What the task requires =
Copy every line of the records that includes the word "Party".

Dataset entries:
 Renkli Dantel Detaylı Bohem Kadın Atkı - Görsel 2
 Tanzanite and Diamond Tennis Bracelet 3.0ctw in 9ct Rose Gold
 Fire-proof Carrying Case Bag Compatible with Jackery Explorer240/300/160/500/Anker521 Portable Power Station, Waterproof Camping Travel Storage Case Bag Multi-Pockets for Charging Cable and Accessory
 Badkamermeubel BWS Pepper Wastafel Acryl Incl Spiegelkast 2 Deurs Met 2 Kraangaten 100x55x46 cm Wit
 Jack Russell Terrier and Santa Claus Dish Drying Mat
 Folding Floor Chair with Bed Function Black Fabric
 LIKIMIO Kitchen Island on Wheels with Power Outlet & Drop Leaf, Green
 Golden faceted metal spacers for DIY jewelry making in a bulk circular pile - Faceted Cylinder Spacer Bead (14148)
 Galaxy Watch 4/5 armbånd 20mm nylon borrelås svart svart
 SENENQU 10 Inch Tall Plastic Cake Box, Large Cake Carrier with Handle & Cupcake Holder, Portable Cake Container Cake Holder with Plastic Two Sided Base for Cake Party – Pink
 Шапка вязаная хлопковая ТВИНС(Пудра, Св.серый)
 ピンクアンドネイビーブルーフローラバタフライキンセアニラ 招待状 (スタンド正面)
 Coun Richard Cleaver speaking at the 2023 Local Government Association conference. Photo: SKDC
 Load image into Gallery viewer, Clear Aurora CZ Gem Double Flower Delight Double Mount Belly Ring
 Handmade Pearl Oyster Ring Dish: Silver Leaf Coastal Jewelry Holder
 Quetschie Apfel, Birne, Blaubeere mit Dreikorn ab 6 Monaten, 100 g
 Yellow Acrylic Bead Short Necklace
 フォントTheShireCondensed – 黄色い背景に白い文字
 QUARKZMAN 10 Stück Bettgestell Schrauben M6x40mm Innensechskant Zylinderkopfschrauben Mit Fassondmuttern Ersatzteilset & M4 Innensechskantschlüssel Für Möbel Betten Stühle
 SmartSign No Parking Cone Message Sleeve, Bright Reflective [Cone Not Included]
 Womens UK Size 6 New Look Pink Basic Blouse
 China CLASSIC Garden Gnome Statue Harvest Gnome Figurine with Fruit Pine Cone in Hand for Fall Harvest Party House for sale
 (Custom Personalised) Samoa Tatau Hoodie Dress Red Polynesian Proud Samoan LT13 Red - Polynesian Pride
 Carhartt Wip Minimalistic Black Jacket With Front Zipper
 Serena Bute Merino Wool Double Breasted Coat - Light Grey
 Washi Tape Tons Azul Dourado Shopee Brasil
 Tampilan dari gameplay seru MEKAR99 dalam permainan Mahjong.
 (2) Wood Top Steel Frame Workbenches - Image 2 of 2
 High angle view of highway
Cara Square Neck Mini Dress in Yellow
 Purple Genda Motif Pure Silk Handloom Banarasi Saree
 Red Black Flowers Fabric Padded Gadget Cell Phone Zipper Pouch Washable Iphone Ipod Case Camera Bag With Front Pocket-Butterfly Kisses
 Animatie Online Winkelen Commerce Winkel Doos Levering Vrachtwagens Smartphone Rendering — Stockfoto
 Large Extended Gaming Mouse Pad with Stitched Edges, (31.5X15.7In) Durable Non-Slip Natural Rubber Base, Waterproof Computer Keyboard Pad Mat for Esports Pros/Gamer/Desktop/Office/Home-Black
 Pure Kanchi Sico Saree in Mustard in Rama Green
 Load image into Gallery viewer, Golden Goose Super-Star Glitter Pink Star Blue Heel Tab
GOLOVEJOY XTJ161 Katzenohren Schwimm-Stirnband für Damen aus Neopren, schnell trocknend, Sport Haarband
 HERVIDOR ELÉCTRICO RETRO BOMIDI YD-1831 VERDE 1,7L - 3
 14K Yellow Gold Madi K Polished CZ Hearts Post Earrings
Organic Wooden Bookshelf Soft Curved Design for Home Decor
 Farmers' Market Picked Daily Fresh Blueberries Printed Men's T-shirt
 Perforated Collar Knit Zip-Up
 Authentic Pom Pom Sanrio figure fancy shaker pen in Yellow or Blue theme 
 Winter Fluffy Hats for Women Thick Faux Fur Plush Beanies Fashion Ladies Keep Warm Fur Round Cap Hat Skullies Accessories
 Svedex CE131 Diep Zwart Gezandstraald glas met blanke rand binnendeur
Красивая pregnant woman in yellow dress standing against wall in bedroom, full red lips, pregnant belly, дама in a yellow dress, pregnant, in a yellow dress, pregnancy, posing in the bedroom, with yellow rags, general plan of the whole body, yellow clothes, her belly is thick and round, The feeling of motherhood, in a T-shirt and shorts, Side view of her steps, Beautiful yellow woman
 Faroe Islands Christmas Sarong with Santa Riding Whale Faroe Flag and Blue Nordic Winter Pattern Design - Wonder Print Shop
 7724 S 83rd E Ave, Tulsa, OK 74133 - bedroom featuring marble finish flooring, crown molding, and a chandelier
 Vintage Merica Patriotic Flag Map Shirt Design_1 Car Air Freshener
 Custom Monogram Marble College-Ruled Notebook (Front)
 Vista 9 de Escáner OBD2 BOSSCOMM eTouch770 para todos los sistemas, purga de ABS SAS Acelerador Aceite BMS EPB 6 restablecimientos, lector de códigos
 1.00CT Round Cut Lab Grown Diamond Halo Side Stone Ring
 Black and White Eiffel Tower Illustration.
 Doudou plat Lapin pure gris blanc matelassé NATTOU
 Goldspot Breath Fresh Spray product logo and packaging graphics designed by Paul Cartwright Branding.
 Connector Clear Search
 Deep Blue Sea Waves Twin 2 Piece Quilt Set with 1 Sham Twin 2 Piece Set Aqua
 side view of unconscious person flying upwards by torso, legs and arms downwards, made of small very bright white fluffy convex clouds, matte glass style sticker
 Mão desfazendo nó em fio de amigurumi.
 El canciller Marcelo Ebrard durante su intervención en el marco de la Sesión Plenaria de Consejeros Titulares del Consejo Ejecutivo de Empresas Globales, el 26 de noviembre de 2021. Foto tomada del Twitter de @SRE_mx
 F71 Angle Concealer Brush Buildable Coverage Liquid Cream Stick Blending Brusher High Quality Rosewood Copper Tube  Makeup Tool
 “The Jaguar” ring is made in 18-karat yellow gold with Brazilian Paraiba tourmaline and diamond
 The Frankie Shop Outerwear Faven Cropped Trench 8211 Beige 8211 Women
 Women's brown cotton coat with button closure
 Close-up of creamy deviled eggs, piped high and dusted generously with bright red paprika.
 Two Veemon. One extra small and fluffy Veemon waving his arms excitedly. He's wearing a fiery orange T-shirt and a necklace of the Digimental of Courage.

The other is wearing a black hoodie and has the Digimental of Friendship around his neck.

Answer section =
 SENENQU 10 Inch Tall Plastic Cake Box, Large Cake Carrier with Handle & Cupcake Holder, Portable Cake Container Cake Holder with Plastic Two Sided Base for Cake Party – Pink
 China CLASSIC Garden Gnome Statue Harvest Gnome Figurine with Fruit Pine Cone in Hand for Fall Harvest Party House for sale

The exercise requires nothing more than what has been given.